1. Should I pay Capital Gains Tax (CGT) on selling my property for profit?
Generally, if you sell a house for more than you bought it you earn capital gain, and this is taxable income. It is added to your assessable income for the period and taxed accordingly. However, there are some sale transactions which are exempt from CGT, such as selling your main residence.
If you're selling your main home, you may need to check whether it fits the criteria to avoid missing your tax obligations. According to the ATO, a qualifying home should:
have a house which you should have lived in while being a tax resident of Australia (vacant properties and time before official tax residency don't qualify)
you and your family should have lived in it, your belongings should be there, your mail should be delivered there and it should be your official home address and the place to which utility bills apply
not have been used to earn taxable income e.g. running a business out of it, renting it out or flipping it before sale
sits on no more than two hectares of land
These requirements entitle you to full exemption. If you don't meet any of these conditions, you may be eligible for partial exemption – a real estate attorney will guide you depending on your exact circumstance.

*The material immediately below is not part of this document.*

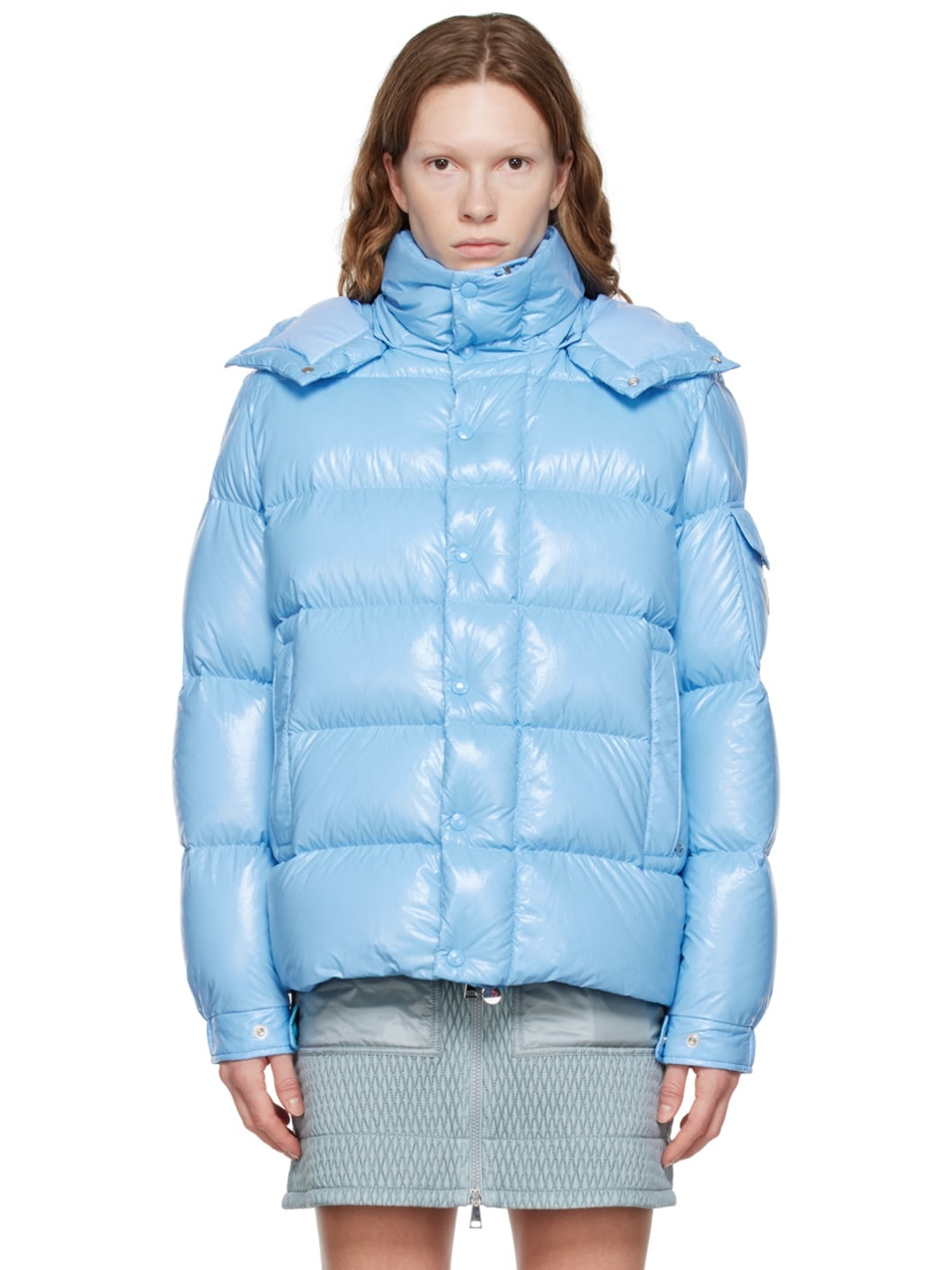 Moncler Moncler 70 Blue Maya Down Jacket ssense REVERSIBLE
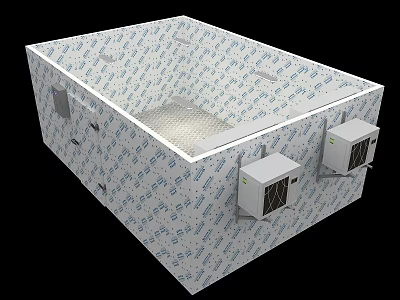 Insulated Storage Container With Blue Patterned Exterior And Two Side Air Conditioning Units 3d model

Properties other than your main residence are eligible for CGT upon profitable sale. They include second/holiday homes, rental properties etc. If you convert your main residence to multiple units for rental income, you should also pay CGT on sale. However, you can also claim capital loss against your CGT obligation whenever you incur losses.
2. How is property co-ownership handled in transactions?
Property co-ownership allows two or more people/parties to share property ownership according to the amount of money invested or any other criteria they decide on. How co-owned property is handled depends on the terms of co-ownership. There are two main types:
Tenancy in common – this is where the property is divided between the parties, and owners can transfer their interest independent of the other (unless the agreement stipulates otherwise). This is the more flexible option, and an agreement is drafted to define rights, obligations and interests, making succession and transactions easier.
Joint tenancy – this is common among couples, in which both parties own the whole property together, but individually own nothing. If one party dies, the whole property automatically becomes the other party's.
If you have a tenancy in common and you wish to relinquish your interest, you'll have to find a buyer for your share only, and this is usually harder. Your agreement can stipulate that your co-owners buy out your interest, but this isn't always provided.
Another risk is that if the property is used as security for a loan or mortgage, you're all liable for the loan in case it defaults, even if the loan belonged to one of you. Common disputes include whether or not to sell or refinance a mortgage, property maintenance, division of income from the property and mortgage repayments. Having a comprehensive co-ownership agreement can help to resolve some of these disputes.